• Exercise objective: Quote the listing below in full and exactly as written, but omit every picture.

• The data:
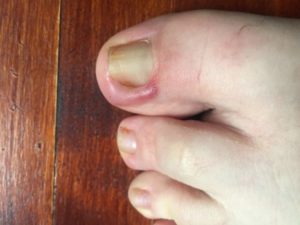 Боль в пальце через несколько дней после удаления ногтя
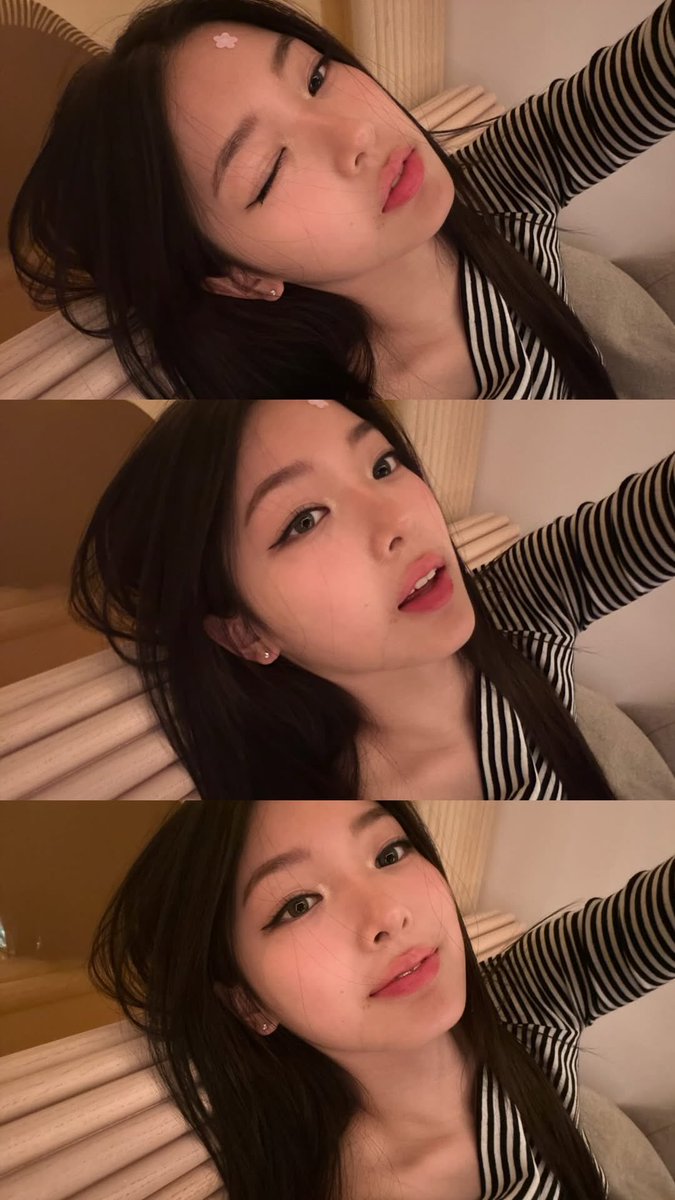 severe case of pretty face syndrome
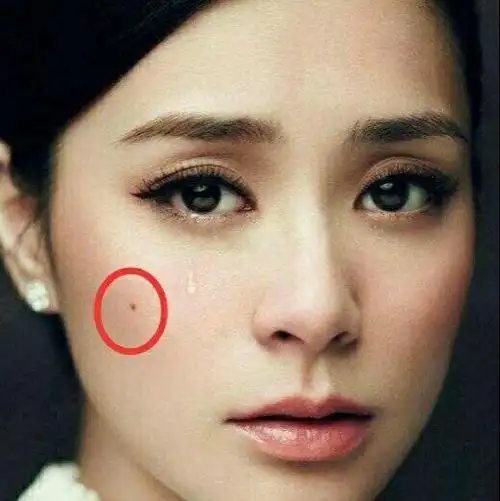 桃花痣# 桃花痣和泪痣的区别,都有什么含. 来自娱圈最帅王子 - 微博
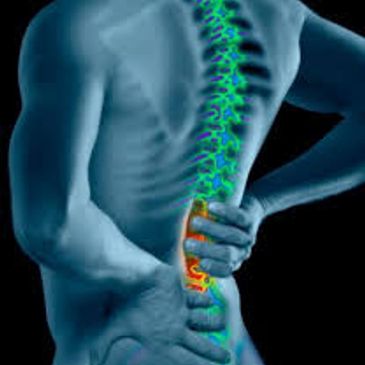 back pain and stiffness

• Finished task:
 Боль в пальце через несколько дней после удаления ногтя
 severe case of pretty face syndrome
 桃花痣# 桃花痣和泪痣的区别,都有什么含. 来自娱圈最帅王子 - 微博
 back pain and stiffness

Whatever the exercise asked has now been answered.